• WORK REQUEST
Please output the listing below character for character and omit the images.

• SUPPLIED DATA
■ ■ ■ ■ ■

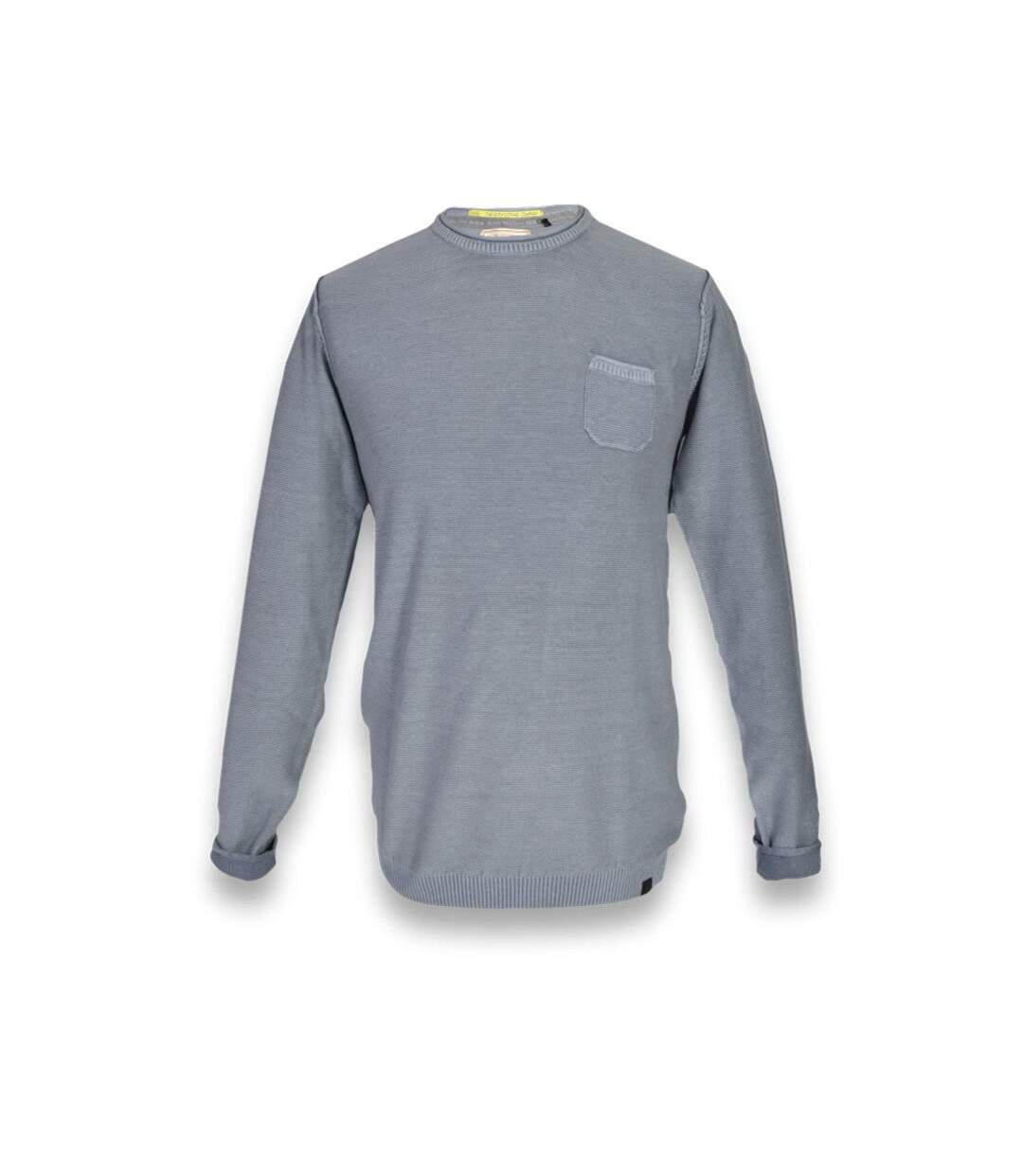 Pull homme manches longues de couleur bleu col ras du cou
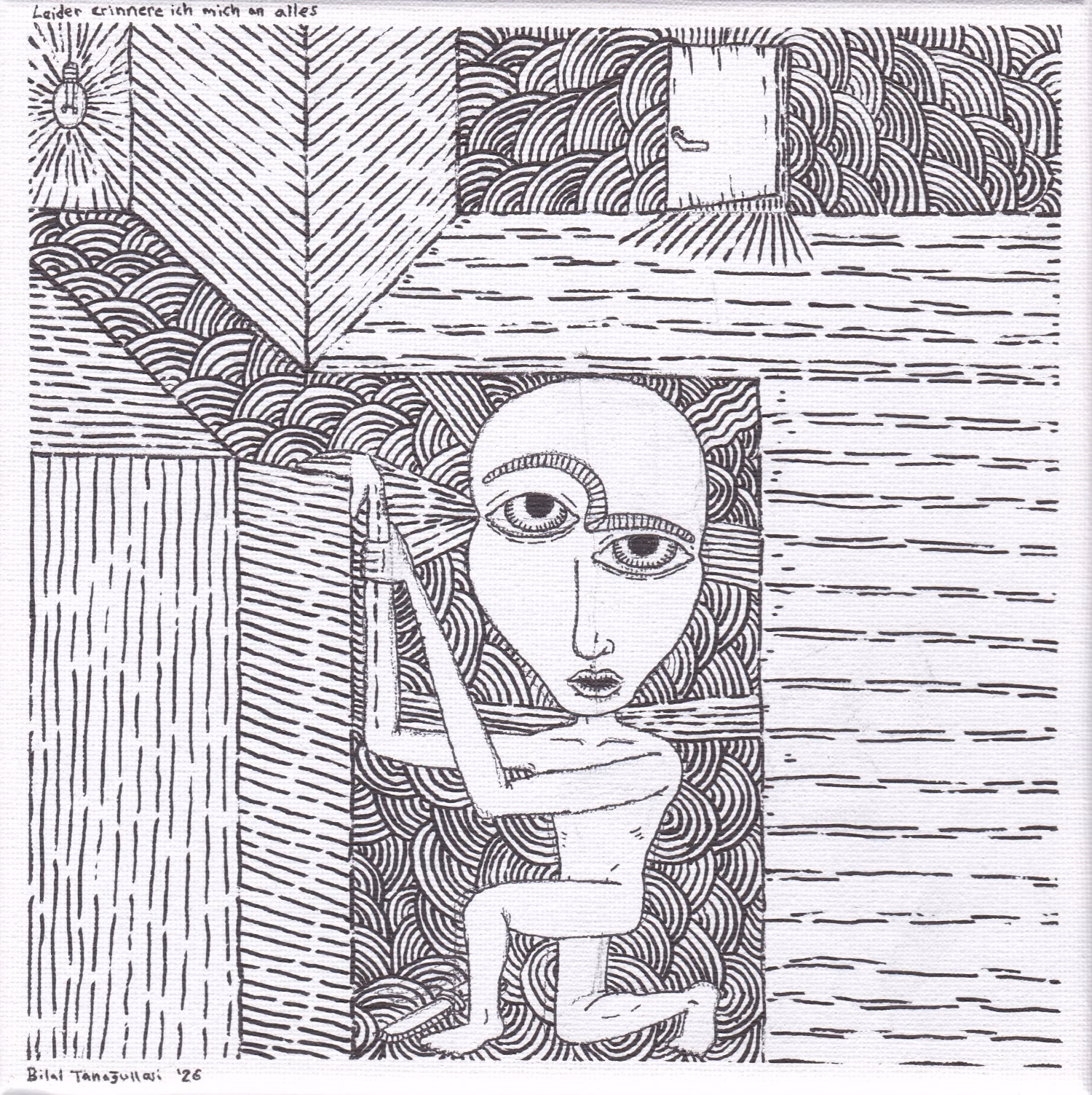 Eine surreale Schwarz-Weiß-Grafik, die eine nackte, stilisierte Figur mit großen Augen in einer verschachtelten, wellen- und linienartig gemusterten Raumstruktur zeigt, während sie sich an einem Pfosten festhält.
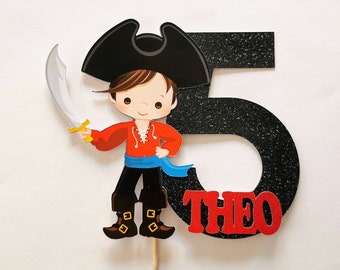 Personalised Pirate Boy Cake topper ANY AGE | Personalised Pirate Cake topper | Pirate Boy Cake topper | Pirate Boy Party Supplies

■ ■ ■ ■ ■

• TASK RESULT
 Pull homme manches longues de couleur bleu col ras du cou
 Eine surreale Schwarz-Weiß-Grafik, die eine nackte, stilisierte Figur mit großen Augen in einer verschachtelten, wellen- und linienartig gemusterten Raumstruktur zeigt, während sie sich an einem Pfosten festhält.
 Personalised Pirate Boy Cake topper ANY AGE | Personalised Pirate Cake topper | Pirate Boy Cake topper | Pirate Boy Party Supplies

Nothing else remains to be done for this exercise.